Combine the graham cracker crumbs and sugar in a mixing bowl, then pour in the melted butter. Mix until the crumbs are evenly coated and resemble wet sand.
Press this crumb mixture firmly into the bottom of an 8-inch springform pan, using your fingers or the bottom of a glass to create an even, compact crust. Chill in the fridge while preparing the filling.
In a large bowl, beat the softened cream cheese with a sturdy whisk or spatula until smooth and creamy, scraping down the sides as needed.
Add the sugar and lemon juice to the cream cheese, and continue mixing until fully incorporated and the mixture is fluffy.

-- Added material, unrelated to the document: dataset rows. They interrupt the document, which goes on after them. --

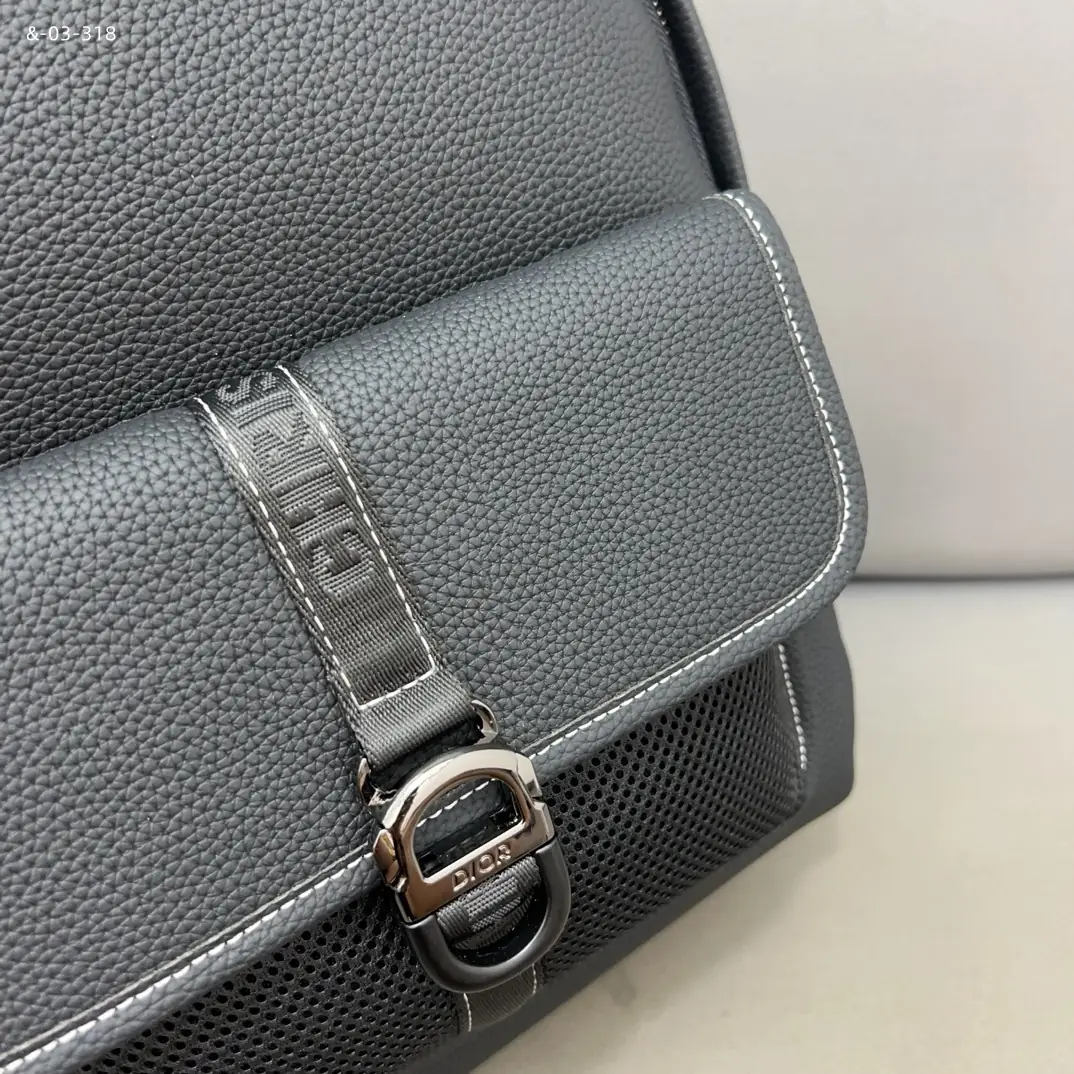 KNG6087  DIOR  85$ gallery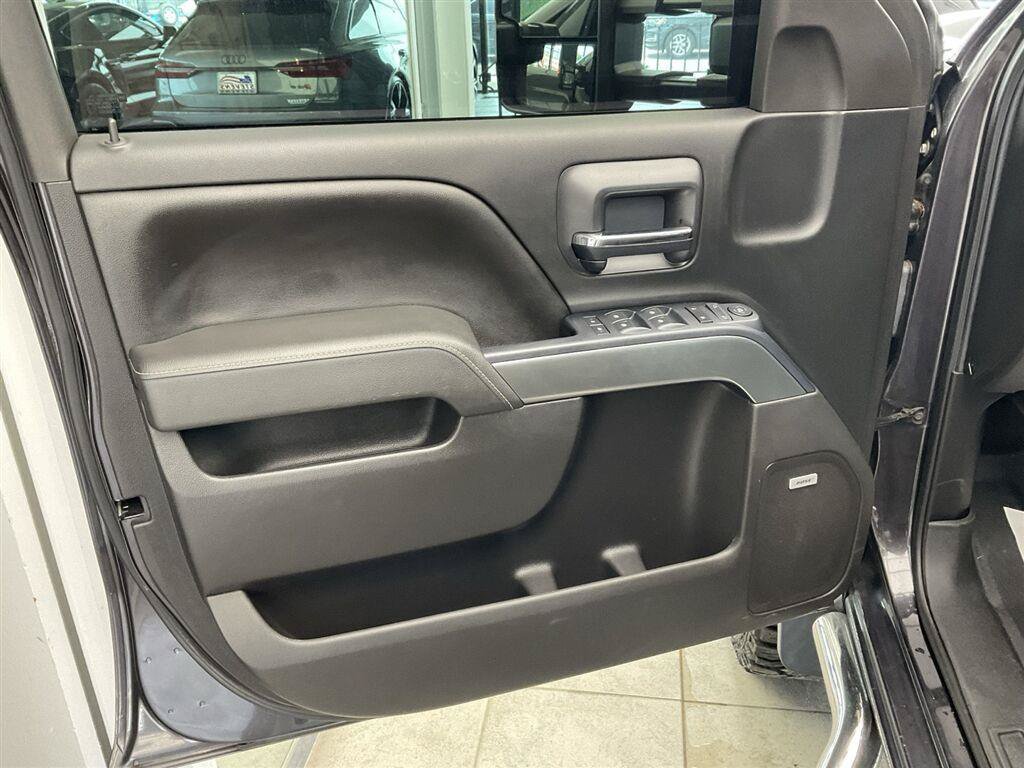 Used 2015 Chevrolet Silverado 2500 LT w/ LT Convenience Package AWD/4WD image 9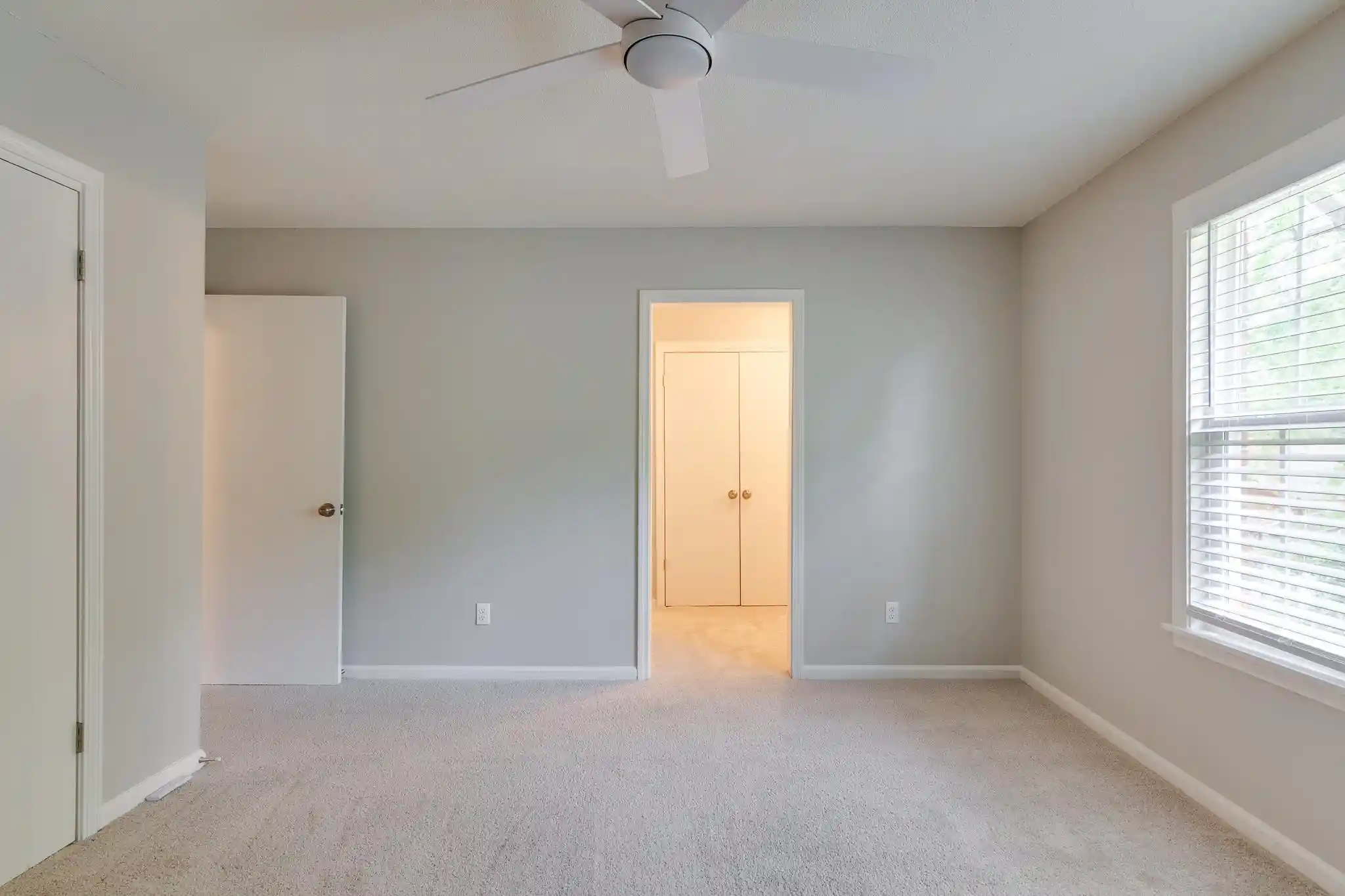 Photo 3 of Sale Pending at 4054 Stillwood Dr, Memphis, TN 38128 | MLS# 10219290 | Listing updated on 2026-09-07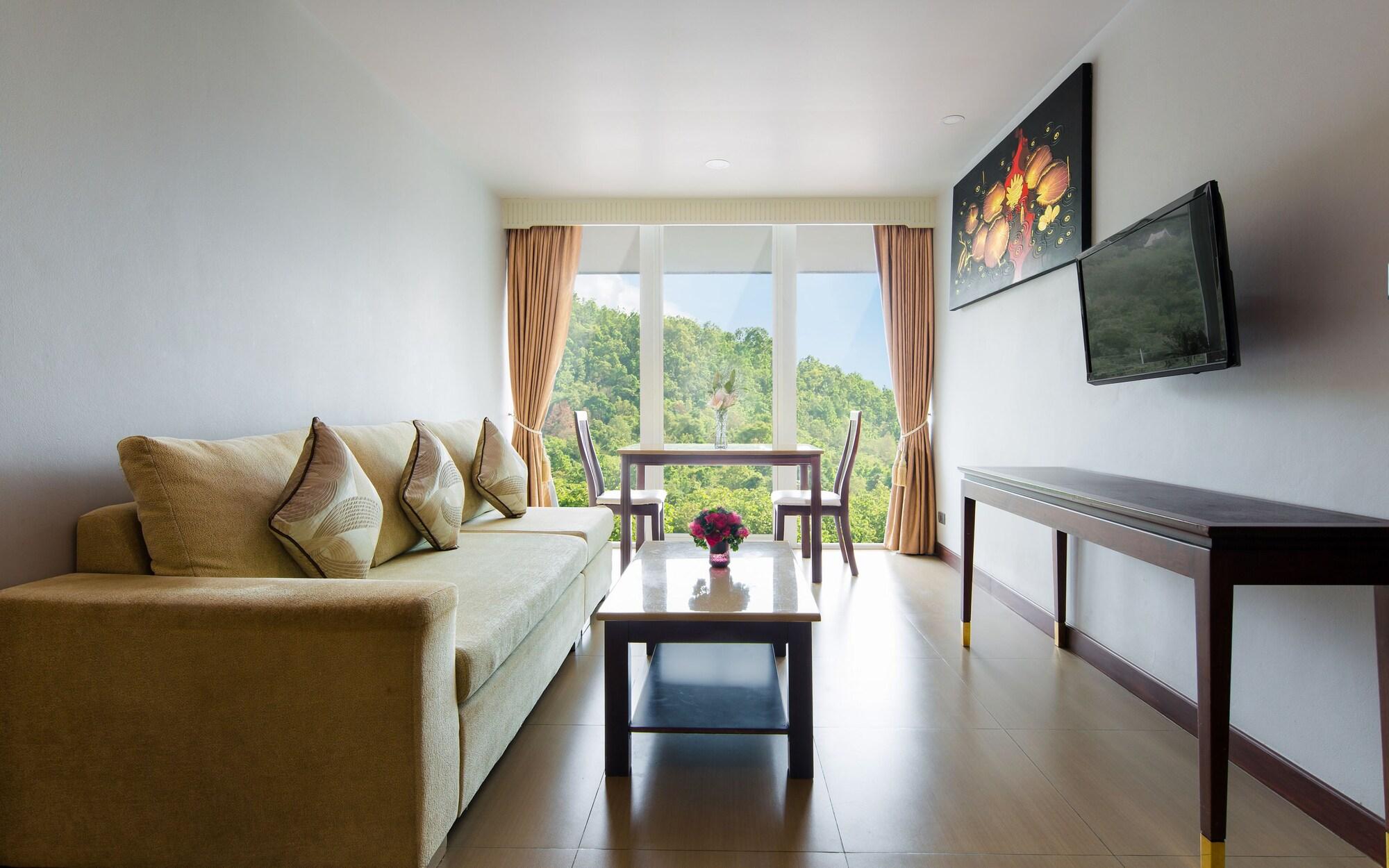 Hotel Aiyara Grand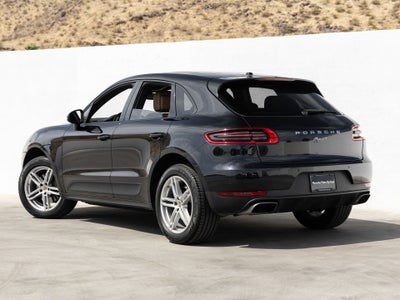 2018 Porsche Macan Macan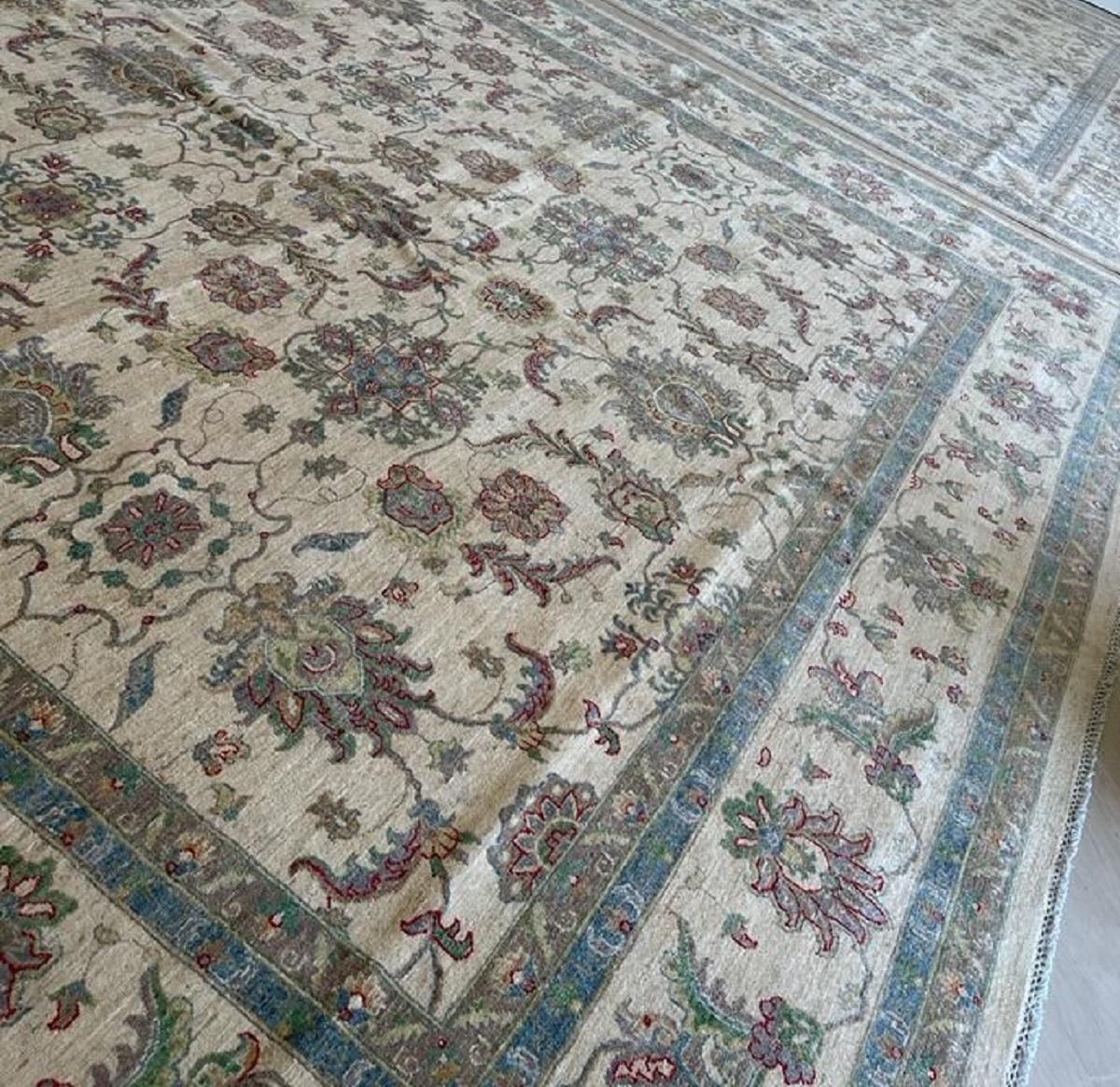 Beautiful Chobi Handmade Hand Knotted Oversized Rug from Afghanistan In New Condition For Sale In Sharjah, AE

In a separate bowl, whip the heavy cream with vanilla extract until soft peaks form, listening for the gentle swish of the whisk as the cream thickens.
Gently fold the whipped cream into the cream cheese mixture, using a spatula to combine without deflating the airiness, until smooth and uniform.
Pour the filling over the chilled crust and spread evenly with a spatula, smoothing the top for a polished look.
Cover the pan loosely with plastic wrap and refrigerate for at least 4 hours, or preferably overnight, until the filling is firm and set.
Once chilled and set, release the sides of the springform pan, then slice and serve the cheesecake chilled, enjoying its creamy, velvety texture with a crisp crust.